The newspaper quoted an official with the Administration of Taxation as saying that the administration is now working on a plan to readjust consumption tax on cars.
The official said that the tax exemption would provide space for prices cut for small cars, though it might not cause direct price cuts, as the sales tax is now levied on car makers and covered by the overall price.
The price of Chery's QQ, a well-known small car on Chinese market, is 29,800 yuan, and the tax exemption could save car makers nearly 900 yuan.
But as for luxury cars, the tax readjustment will not impact its consumption much, said the paper.

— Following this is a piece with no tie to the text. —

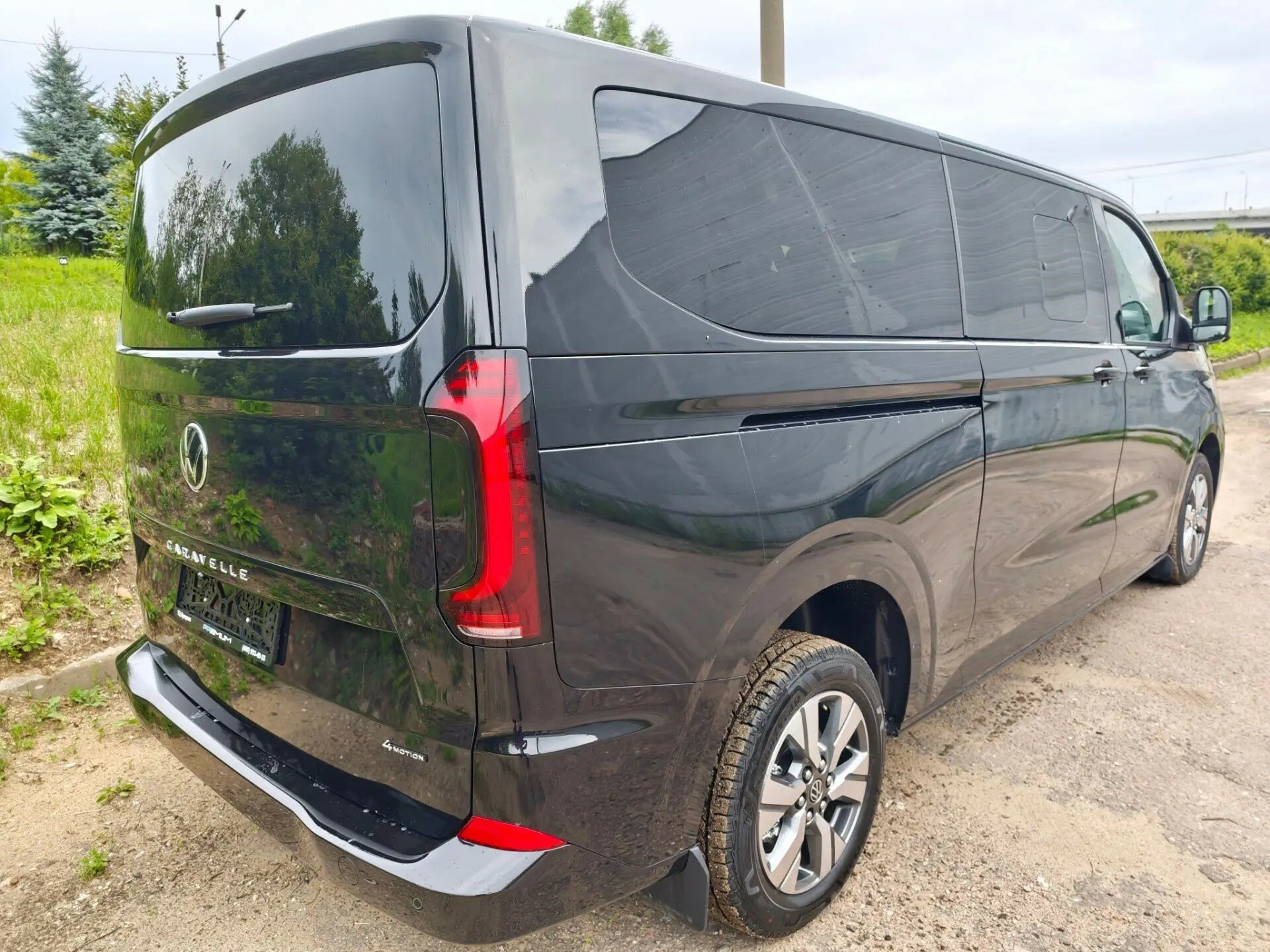 Автомобиль Volkswagen Caravelle 2.0d AT (170 л.с.) 4WD - 8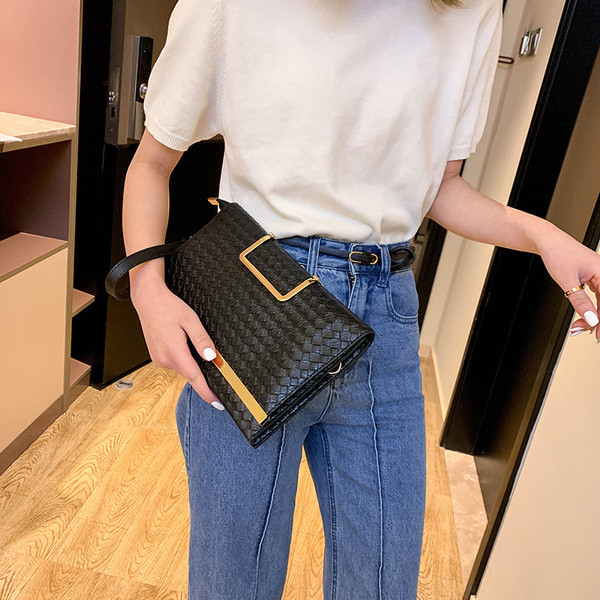 Női kuplung fogantyúval fehér, szürke és fekete színben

Liu Huan, deputy president of the financial and public management institute of the Central University of Finance and Economics, said government organizations and companies are the major buyers of luxury cars, and they won't easily change their buying habits because of readjusted taxes.
Ji Zhu, Professor at the Beijing Industrial and Commercial University, agrees with Liu. Ji said a tax on gasoline, discussed for several years but not yet enacted, would be much more effective than the readjustment of sales tax in restraining the consumption on luxury cars.